I'm not going to touch mine until spring. There is already about a foot + of snow around it and I don't dare touch my wrap. You all have me worried now, that I am going to find a bunch of mite infested bees in the spring!!!! Now I can't decide if I should order a nuc or take my chances.


----------



## Dick Allen (Sep 4, 2004)

Take a look at a hive with snow cover on it's roof. If there isn't substantial insulation between the cluster and the outer cover, the snow will at least be concaved in and often completely melted away in the center. The heat to melt that snow is coming from somewhere inside the hive. Hives that have good insulation between the cluster and the cover (or empty hives for that matter) don't show that type of snow melt.


----------



## mwjohnson (Nov 19, 2004)

So it's O.K. then to leave an empty on top off the inner cover?
Shim shingles to prop the outer up and create an upper entrance?I worried about too large an entrance,and the extra hiking the girls were facing to get outside.
Inner cover hole(porter escape sized) wide open?
Xtra granulated sugar on the inner cover?
I left mine this way after I removed the feeder jars so that I could wrap the feeder,and feed without unwrapping.
I was worried about the glass jars freezing/breaking/drowning bees,I left some out to observe,and no freezing at 0 deg.F..
What temp does 2:1 freeze?


----------



## MountainCamp (Apr 12, 2002)

Your set up should be fine. 
I wrap my hive for winter with an empty box, then the inner cover on top.
I just put on another 20 gallons of syrup today, along with almost 100 lbs of granular sugar. 
Temps today got to 30F with good sunshine.
I have some pictures of the setup on my site.


----------



## Ribster (Nov 3, 2004)

The bees are alright breaking cluster at about 55 and so am I.


----------



## mwjohnson (Nov 19, 2004)

Thanks for the reassurance Mt.Camp.
And sorry to cut in on your post,Ford guy.
I am going to keep my eye on these two jars and try to find out the freezing point of 2:1 for the heck of it.
Thanks


----------



## Robert Hawkins (May 27, 2005)

mw, when you say Proter Escape sized holes, I sure hope you mean without the escape on it. the queen may need to go up with the cluster.

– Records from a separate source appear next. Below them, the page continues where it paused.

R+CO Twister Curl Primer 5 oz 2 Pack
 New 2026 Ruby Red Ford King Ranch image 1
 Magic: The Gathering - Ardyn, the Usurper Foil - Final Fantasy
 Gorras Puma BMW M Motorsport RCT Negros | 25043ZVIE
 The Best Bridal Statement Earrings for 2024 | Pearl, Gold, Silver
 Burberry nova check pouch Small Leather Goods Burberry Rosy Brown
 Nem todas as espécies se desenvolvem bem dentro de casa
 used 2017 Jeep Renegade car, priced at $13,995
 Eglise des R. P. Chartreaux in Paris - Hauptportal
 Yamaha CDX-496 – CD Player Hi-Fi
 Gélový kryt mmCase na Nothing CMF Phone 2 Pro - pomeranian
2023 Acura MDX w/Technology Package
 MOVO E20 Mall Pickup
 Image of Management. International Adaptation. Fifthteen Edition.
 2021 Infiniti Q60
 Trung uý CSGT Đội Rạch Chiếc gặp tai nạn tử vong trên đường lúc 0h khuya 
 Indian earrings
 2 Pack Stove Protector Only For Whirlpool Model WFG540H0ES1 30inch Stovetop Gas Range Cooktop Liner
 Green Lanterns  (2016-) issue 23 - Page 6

<opening your hive in the winter will chill the cluster and the colder it is, the faster it will happen.>

Pulling off the telescoping cover and the inner cover constitute opening the hive. This will NOT, repeat not, chill the cluster. Taking out frames or otherwise opening up the cluster can cause great damage. Besides for now mine are not even in the top box yet.

Hawk


----------



## FordGuy (Jul 10, 2005)

no problem! looks like your questions were right on target to me.


----------



## nursebee (Sep 29, 2003)

If a hive is weak on stores, opeing them up to feed is a good idea regardless of the temp. I'm willing to work them in any temp but I tend to get slower the colder it is. It just depends upon my willingness to put on my long BVD's.


----------



## Kieck (Dec 2, 2005)

I try to avoid opening my hives if the temperature is below freezing. Regardless of whether you believe the bees only heat the cluster or you believe some heat escapes into the rest of the hive, heat rises. Yank a cover off the top of the hive, and heat is lost into the atmosphere. Only if I absolutly need to feed will I lift a cover to add food, otherwise the hive covers stay on during the winter.


----------



## Ian (Jan 16, 2003)

Best just leave them alone duing the winter. Jaring the lid open only disturbs the colony, and for what? 
I know, I know, I do it to, just to settle my interests,.
But really, late winter searves a perpose, food store check. I you have to feed your bees mid winter, they dont have a chance in hell anyway!!


----------



## B100B101 (May 14, 2005)

I have been feeding my New York City rooftop bees 2:1 sugar syrup from a pail feeder. I have 2 pails. I mix up the syrup, carry the filled pail to the roof, and then quickly pop the telescoping cover, swap the pails, and close it up quickly. The bees are usually clustered right below the pail, peeping out from the hole in the inner cover, where the pail rests. I make "bee space" beneath the pail by setting the pail on two pencils. I have a medium super around the pail, topped with the telescoping cover. 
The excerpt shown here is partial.